Once you have read the listing below, write all of it out again exactly.
INFORMATION GIVEN below:
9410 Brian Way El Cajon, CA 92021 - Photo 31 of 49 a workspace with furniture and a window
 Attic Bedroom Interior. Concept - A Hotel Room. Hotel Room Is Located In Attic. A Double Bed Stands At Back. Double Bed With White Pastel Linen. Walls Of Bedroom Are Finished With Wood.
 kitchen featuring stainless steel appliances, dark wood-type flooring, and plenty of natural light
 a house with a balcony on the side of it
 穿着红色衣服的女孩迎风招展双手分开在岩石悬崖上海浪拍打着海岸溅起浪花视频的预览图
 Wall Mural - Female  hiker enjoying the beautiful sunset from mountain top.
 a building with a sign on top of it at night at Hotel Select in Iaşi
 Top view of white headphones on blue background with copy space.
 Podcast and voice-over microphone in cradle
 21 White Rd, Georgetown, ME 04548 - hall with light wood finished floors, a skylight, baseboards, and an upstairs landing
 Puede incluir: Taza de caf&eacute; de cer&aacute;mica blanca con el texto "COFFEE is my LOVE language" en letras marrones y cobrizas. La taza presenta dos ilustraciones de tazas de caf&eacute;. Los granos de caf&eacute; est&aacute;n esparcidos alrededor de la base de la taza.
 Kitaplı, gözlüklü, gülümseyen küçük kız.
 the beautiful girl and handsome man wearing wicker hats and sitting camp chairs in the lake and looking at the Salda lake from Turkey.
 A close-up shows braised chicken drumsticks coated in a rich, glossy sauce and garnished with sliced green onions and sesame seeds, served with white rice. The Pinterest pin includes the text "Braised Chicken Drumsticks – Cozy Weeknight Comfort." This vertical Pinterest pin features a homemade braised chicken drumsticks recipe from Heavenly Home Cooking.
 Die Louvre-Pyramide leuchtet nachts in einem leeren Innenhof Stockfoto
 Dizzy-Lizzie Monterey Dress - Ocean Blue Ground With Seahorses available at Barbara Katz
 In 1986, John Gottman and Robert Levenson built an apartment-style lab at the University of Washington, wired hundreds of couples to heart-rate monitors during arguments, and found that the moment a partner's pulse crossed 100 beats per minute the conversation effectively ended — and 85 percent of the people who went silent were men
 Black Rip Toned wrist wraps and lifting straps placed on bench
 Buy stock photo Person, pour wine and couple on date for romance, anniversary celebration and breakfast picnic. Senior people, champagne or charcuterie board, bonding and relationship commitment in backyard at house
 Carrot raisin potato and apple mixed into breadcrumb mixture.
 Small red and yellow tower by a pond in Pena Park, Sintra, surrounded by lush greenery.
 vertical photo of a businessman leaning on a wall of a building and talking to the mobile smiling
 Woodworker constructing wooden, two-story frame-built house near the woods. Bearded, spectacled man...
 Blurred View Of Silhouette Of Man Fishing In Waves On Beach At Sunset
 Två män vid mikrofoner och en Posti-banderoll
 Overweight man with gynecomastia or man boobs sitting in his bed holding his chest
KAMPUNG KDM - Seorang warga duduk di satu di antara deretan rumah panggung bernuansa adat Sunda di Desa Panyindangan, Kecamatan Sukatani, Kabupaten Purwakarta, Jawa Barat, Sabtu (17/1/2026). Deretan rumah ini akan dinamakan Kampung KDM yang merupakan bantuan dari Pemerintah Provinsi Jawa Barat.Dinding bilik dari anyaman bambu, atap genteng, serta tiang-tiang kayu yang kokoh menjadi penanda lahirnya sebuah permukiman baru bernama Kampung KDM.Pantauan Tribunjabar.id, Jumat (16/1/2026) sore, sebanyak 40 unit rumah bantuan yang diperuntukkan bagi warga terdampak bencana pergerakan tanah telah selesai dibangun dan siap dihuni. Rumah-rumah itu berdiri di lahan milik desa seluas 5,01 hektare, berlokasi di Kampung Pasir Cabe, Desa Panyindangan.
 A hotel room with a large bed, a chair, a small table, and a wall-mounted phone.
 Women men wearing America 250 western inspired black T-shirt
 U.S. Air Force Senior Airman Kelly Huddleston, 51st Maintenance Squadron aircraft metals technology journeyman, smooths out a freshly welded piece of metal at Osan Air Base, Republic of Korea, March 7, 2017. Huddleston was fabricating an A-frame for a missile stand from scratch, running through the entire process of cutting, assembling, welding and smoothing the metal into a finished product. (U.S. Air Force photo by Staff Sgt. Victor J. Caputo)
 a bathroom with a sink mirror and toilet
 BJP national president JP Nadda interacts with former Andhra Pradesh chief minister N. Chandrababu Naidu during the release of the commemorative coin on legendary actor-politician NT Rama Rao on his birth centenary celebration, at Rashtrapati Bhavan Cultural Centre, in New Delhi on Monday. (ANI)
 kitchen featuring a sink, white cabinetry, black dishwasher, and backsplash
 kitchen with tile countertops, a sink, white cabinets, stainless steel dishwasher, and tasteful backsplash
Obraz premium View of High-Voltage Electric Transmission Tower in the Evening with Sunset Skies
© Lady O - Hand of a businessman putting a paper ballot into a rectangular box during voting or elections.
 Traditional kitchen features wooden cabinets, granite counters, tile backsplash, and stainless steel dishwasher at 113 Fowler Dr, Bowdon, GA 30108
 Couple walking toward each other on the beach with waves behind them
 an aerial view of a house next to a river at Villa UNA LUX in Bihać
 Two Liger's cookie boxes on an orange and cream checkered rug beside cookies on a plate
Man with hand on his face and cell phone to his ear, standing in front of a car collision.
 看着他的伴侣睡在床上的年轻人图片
End of INFORMATION GIVEN.
**EXERCISE ANSWER**
9410 Brian Way El Cajon, CA 92021 - Photo 31 of 49 a workspace with furniture and a window
 Attic Bedroom Interior. Concept - A Hotel Room. Hotel Room Is Located In Attic. A Double Bed Stands At Back. Double Bed With White Pastel Linen. Walls Of Bedroom Are Finished With Wood.
 kitchen featuring stainless steel appliances, dark wood-type flooring, and plenty of natural light
 a house with a balcony on the side of it
 穿着红色衣服的女孩迎风招展双手分开在岩石悬崖上海浪拍打着海岸溅起浪花视频的预览图
 Wall Mural - Female  hiker enjoying the beautiful sunset from mountain top.
 a building with a sign on top of it at night at Hotel Select in Iaşi
 Top view of white headphones on blue background with copy space.
 Podcast and voice-over microphone in cradle
 21 White Rd, Georgetown, ME 04548 - hall with light wood finished floors, a skylight, baseboards, and an upstairs landing
 Puede incluir: Taza de caf&eacute; de cer&aacute;mica blanca con el texto "COFFEE is my LOVE language" en letras marrones y cobrizas. La taza presenta dos ilustraciones de tazas de caf&eacute;. Los granos de caf&eacute; est&aacute;n esparcidos alrededor de la base de la taza.
 Kitaplı, gözlüklü, gülümseyen küçük kız.
 the beautiful girl and handsome man wearing wicker hats and sitting camp chairs in the lake and looking at the Salda lake from Turkey.
 A close-up shows braised chicken drumsticks coated in a rich, glossy sauce and garnished with sliced green onions and sesame seeds, served with white rice. The Pinterest pin includes the text "Braised Chicken Drumsticks – Cozy Weeknight Comfort." This vertical Pinterest pin features a homemade braised chicken drumsticks recipe from Heavenly Home Cooking.
 Die Louvre-Pyramide leuchtet nachts in einem leeren Innenhof Stockfoto
 Dizzy-Lizzie Monterey Dress - Ocean Blue Ground With Seahorses available at Barbara Katz
 In 1986, John Gottman and Robert Levenson built an apartment-style lab at the University of Washington, wired hundreds of couples to heart-rate monitors during arguments, and found that the moment a partner's pulse crossed 100 beats per minute the conversation effectively ended — and 85 percent of the people who went silent were men
 Black Rip Toned wrist wraps and lifting straps placed on bench
 Buy stock photo Person, pour wine and couple on date for romance, anniversary celebration and breakfast picnic. Senior people, champagne or charcuterie board, bonding and relationship commitment in backyard at house
 Carrot raisin potato and apple mixed into breadcrumb mixture.
 Small red and yellow tower by a pond in Pena Park, Sintra, surrounded by lush greenery.
 vertical photo of a businessman leaning on a wall of a building and talking to the mobile smiling
 Woodworker constructing wooden, two-story frame-built house near the woods. Bearded, spectacled man...
 Blurred View Of Silhouette Of Man Fishing In Waves On Beach At Sunset
 Två män vid mikrofoner och en Posti-banderoll
 Overweight man with gynecomastia or man boobs sitting in his bed holding his chest
KAMPUNG KDM - Seorang warga duduk di satu di antara deretan rumah panggung bernuansa adat Sunda di Desa Panyindangan, Kecamatan Sukatani, Kabupaten Purwakarta, Jawa Barat, Sabtu (17/1/2026). Deretan rumah ini akan dinamakan Kampung KDM yang merupakan bantuan dari Pemerintah Provinsi Jawa Barat.Dinding bilik dari anyaman bambu, atap genteng, serta tiang-tiang kayu yang kokoh menjadi penanda lahirnya sebuah permukiman baru bernama Kampung KDM.Pantauan Tribunjabar.id, Jumat (16/1/2026) sore, sebanyak 40 unit rumah bantuan yang diperuntukkan bagi warga terdampak bencana pergerakan tanah telah selesai dibangun dan siap dihuni. Rumah-rumah itu berdiri di lahan milik desa seluas 5,01 hektare, berlokasi di Kampung Pasir Cabe, Desa Panyindangan.
 A hotel room with a large bed, a chair, a small table, and a wall-mounted phone.
 Women men wearing America 250 western inspired black T-shirt
 U.S. Air Force Senior Airman Kelly Huddleston, 51st Maintenance Squadron aircraft metals technology journeyman, smooths out a freshly welded piece of metal at Osan Air Base, Republic of Korea, March 7, 2017. Huddleston was fabricating an A-frame for a missile stand from scratch, running through the entire process of cutting, assembling, welding and smoothing the metal into a finished product. (U.S. Air Force photo by Staff Sgt. Victor J. Caputo)
 a bathroom with a sink mirror and toilet
 BJP national president JP Nadda interacts with former Andhra Pradesh chief minister N. Chandrababu Naidu during the release of the commemorative coin on legendary actor-politician NT Rama Rao on his birth centenary celebration, at Rashtrapati Bhavan Cultural Centre, in New Delhi on Monday. (ANI)
 kitchen featuring a sink, white cabinetry, black dishwasher, and backsplash
 kitchen with tile countertops, a sink, white cabinets, stainless steel dishwasher, and tasteful backsplash
Obraz premium View of High-Voltage Electric Transmission Tower in the Evening with Sunset Skies
© Lady O - Hand of a businessman putting a paper ballot into a rectangular box during voting or elections.
 Traditional kitchen features wooden cabinets, granite counters, tile backsplash, and stainless steel dishwasher at 113 Fowler Dr, Bowdon, GA 30108
 Couple walking toward each other on the beach with waves behind them
 an aerial view of a house next to a river at Villa UNA LUX in Bihać
 Two Liger's cookie boxes on an orange and cream checkered rug beside cookies on a plate
Man with hand on his face and cell phone to his ear, standing in front of a car collision.
 看着他的伴侣睡在床上的年轻人图片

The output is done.